Our Winter of Discontent

The Boston Herald

My daughter answers the phone, 'Hello? This is the winter of our discontent.’ 'It's from the movie 'Reality Bites,'' she explains. I remember it as an old John Steinbeck novel.

The point is the same. This is the winter of our discontent.  Fifteen snowstorms, nearly 90 inches of the rotten stuff; frigid cold, burst pipes, leaky roofs, huge heating bills, snow days, one-hour delay days, two-hour delay days, traffic, ice, trains that run late, buses that don't run at all, cancellations, dead batteries, plowed-in driveways, unplowed streets, potholes, no sidewalks, no place to walk, no place to go.

Enough, already. It's time to bring on spring 

People say it's almost here. I keep reading all these upbeat stories about the Flower Show opening this weekend and spring being right around the corner. Near the foundation of my mother-in-law's house is so-called proof that spring can't be far away her snowdrops and hyacinth are halfway to bloom. But these are just some devious tricks of March. March is a sly magician, the David Copperfield of months. What you see is never what you get. Consider the old saying, 'March comes in like a lion and goes out like a lamb.' March, a lamb? March is more mad dog than meek sheep. Consider also the myth that because the days are growing longer they're getting better. This is nonsense. Longer March days don't bring anything positive. They just bring longer daylight hours of cold and snow.

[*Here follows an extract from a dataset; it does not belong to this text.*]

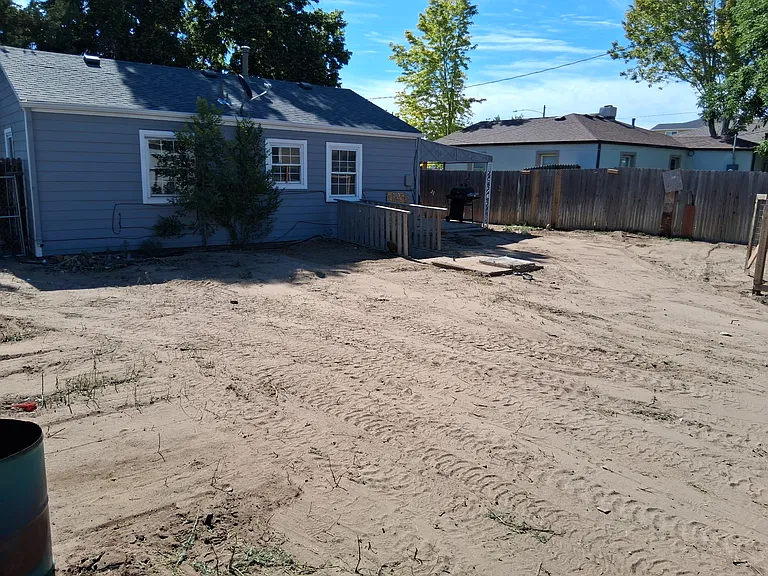 6891 Olive St — Photo 14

Ah, but we're hearty New Englanders. We will survive all this. Or so I'm told by people packing for Hawaii and the Caribbean.

My friend Anne actually likes March. But my friend Anne likes everything. She is grace under fire. She is optimism personified.

Anne, not surprisingly, rushes to March's defense. 'How can you say you don't like March? It's sunny. It's blue sky. It's beautiful. The snow will be melted in a second. I hear birds in my back yard.’

I hear only one bird in mine. It sounds suicidal. I've been listening to it for a week now. It's ready to throw itself off the roof. I can tell. I can relate.

I imagine the poor bird got lost on its flight from Florida. It probably meant to go to New Orleans to visit a friend and got on the wrong track. I've done this. I know what it's like to be looking for a sign that says, 'Welcome to Maine' and run into one that says, 'Welcome to Pennsylvania. 

I've been feeding the bird and counseling it, too, telling it to hang in there, that things will get better. But the bird looks at me the way I look at my mother-in-law's snowdrops and hyacinth. Faith is believing without seeing. The bird and I see but we still don't believe.

'Come on,' Anne insists. 'You're exaggerating. Don't you love sitting by the fire and reading a book? Don't you love coming in from outdoors and making cocoa? Don't you see beauty in the bare trees?'

The trees are beautiful. I love cocoa. Reading by the fire is great.

But toasting marshmallows by a summer fire is better. And sipping lemonade is sweeter.

I'd rather it be May than March.

Spring is on its way. Sure. Do me a favor? Wake me when it arrives.